By Caroline Kubzansky
For WisPolitics.com

Former second lady Jill Biden and U.S. Sen. Kamala Harris condemned the Trump administration’s efforts to overturn the Affordable Care Act on a Zoom call today.

The two reaffirmed Democratic support for the ACA on behalf of the presumptive Dem presidential nominee Joe Biden. State Rep. Robyn Vining, D-Wauwatosa, joined Harris and Biden on the call, where they listened to two Wisconsin women’s experiences with the program.

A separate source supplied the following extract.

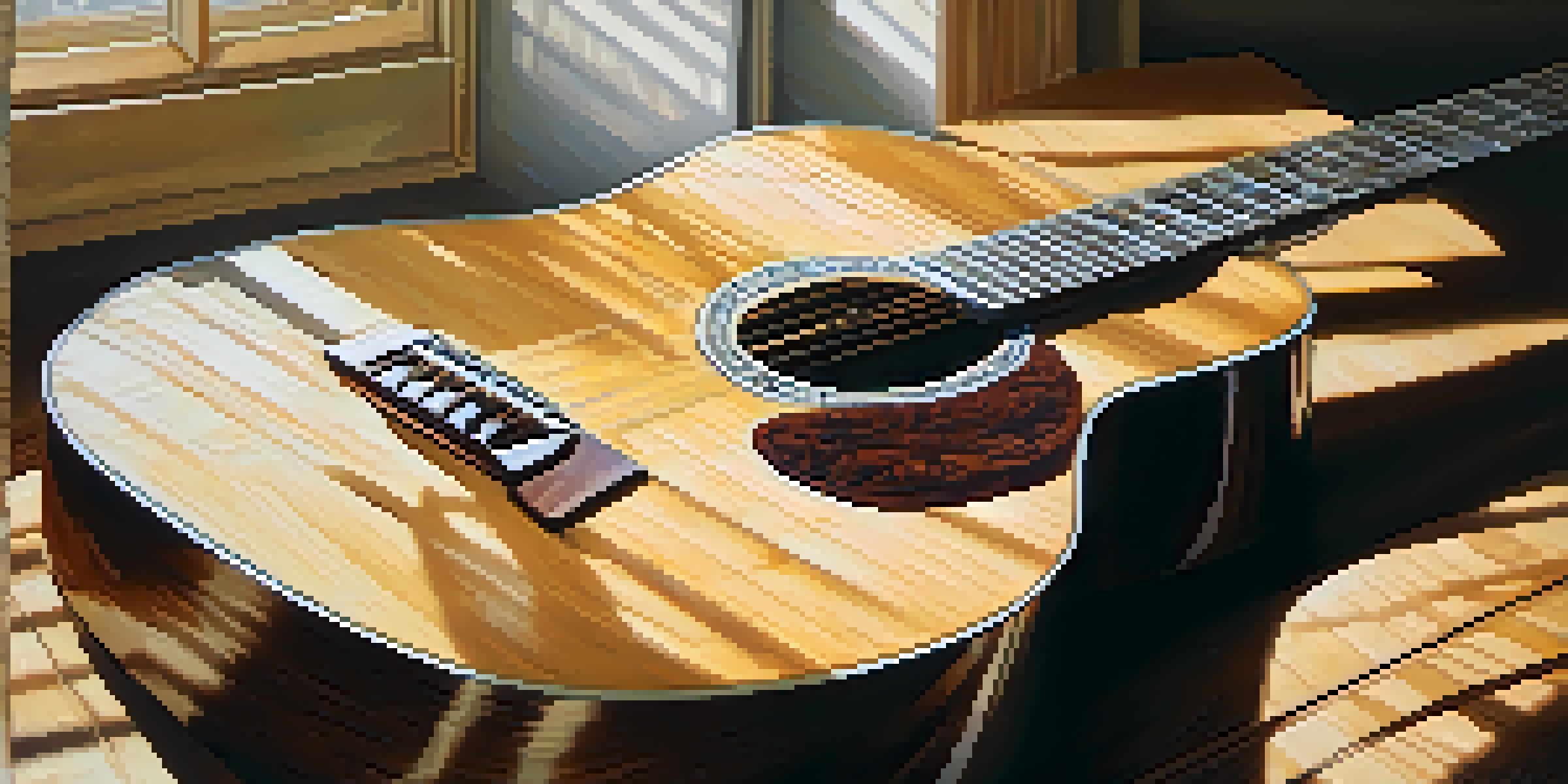 A close-up view of an acoustic guitar on a wooden table with handwritten music notes.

The call, advertised as a Milwaukee event, underscored the importance of the ACA, a flagship achievement of the Obama administration, to the 2020 campaign. It also signaled Dems’ eagerness to engage Wisconsinites in Biden’s 2020 operation, which has set its sights on Wisconsin as an essential state to win come November.

Harris, D-Calif, also slammed Attorney General William Barr’s recent move to file briefs against the ACA with the Supreme Court as the COVID-19 pandemic wears on.

“People are dying, but Donald Trump is prioritizing his political prospects and playing games,” Harris said. “Americans are counting on the ACA to protect them in the pandemic.”

Speaking on the call, Wisconsinite Julie Buckholdt said she takes 19 medications to manage her various autoimmune conditions, including lupus. One of those medications costs $16,000 each week, she said.

“We were worried about the lifetime cap; we would have gone bankrupt [without the ACA],” she said.

The former second lady told Buckholdt to “hang on” for the last four months before the election, and that Biden would make sure the ACA endured to cover her medical costs.

Jennie Neary discussed how the ACA helped her family care for her son when he underwent chemotherapy in 2016 for non-Hodgkin’s Lymphoma. Neary recalled her rage and anxiety in 2016 at the triumphs of President Trump and other lawmakers who promised to dismantle the ACA, including her own U.S. senator.

“Ron Johnson had the audacity to compare my son to a wrecked car,” she said, referring to Johnson’s comment that insurance companies shouldn’t have to cover people with preexisting conditions. “My son is not a wrecked car. He is a survivor, and that should be celebrated, and not punished.”